The Provisioning Problem
Device provisioning is where most BLE security vulnerabilities appear. Default pairings, hardcoded keys, and unencrypted characteristic writes are common mistakes.
Pairing Modes
- Just Works — No authentication. Never use for security-sensitive provisioning.
- LE Secure Connections — Elliptic curve Diffie-Hellman. Use this. Available in BLE 4.2+.
- OOB (Out-of-Band) — Exchange keys via NFC or QR code.

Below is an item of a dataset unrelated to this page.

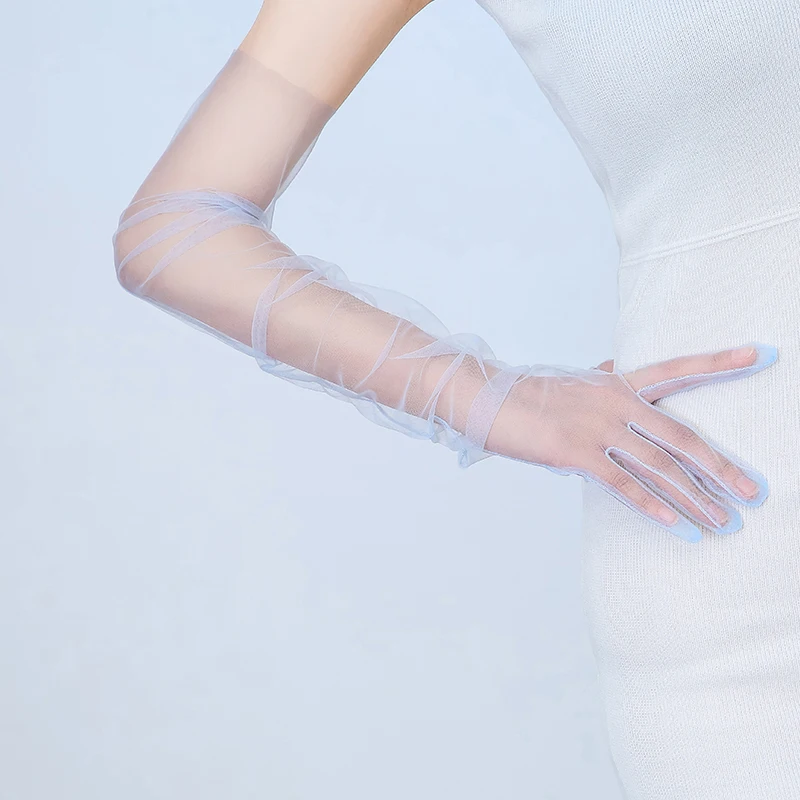 

2020 Women Sexy Lace Sunscreen Gloves Ultra Thin Gloves Long Gloves Photo Shooting Accessory Halloween Summer Sunscreen Gloves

Best security for provisioning.
Zephyr Implementation
static const struct bt_conn_auth_cb auth_cb = {
.passkey_display = auth_passkey_display,
.passkey_confirm = auth_passkey_confirm,
};
bt_conn_auth_cb_register(&auth_cb);
/* BT_SECURITY_L4 = authenticated LE Secure Connections + encryption */
bt_conn_set_security(conn, BT_SECURITY_L4);Common Vulnerabilities to Avoid
- Fixed passkeys — Never hardcode 123456. Generate per-device from UID.
- Unencrypted OTA — Always require BT_SECURITY_L2 minimum before DFU writes.
- No bonding expiry — Implement bond revocation on factory reset.
- Advertising personal data — Rotate MAC address with CONFIG_BT_PRIVACY=y.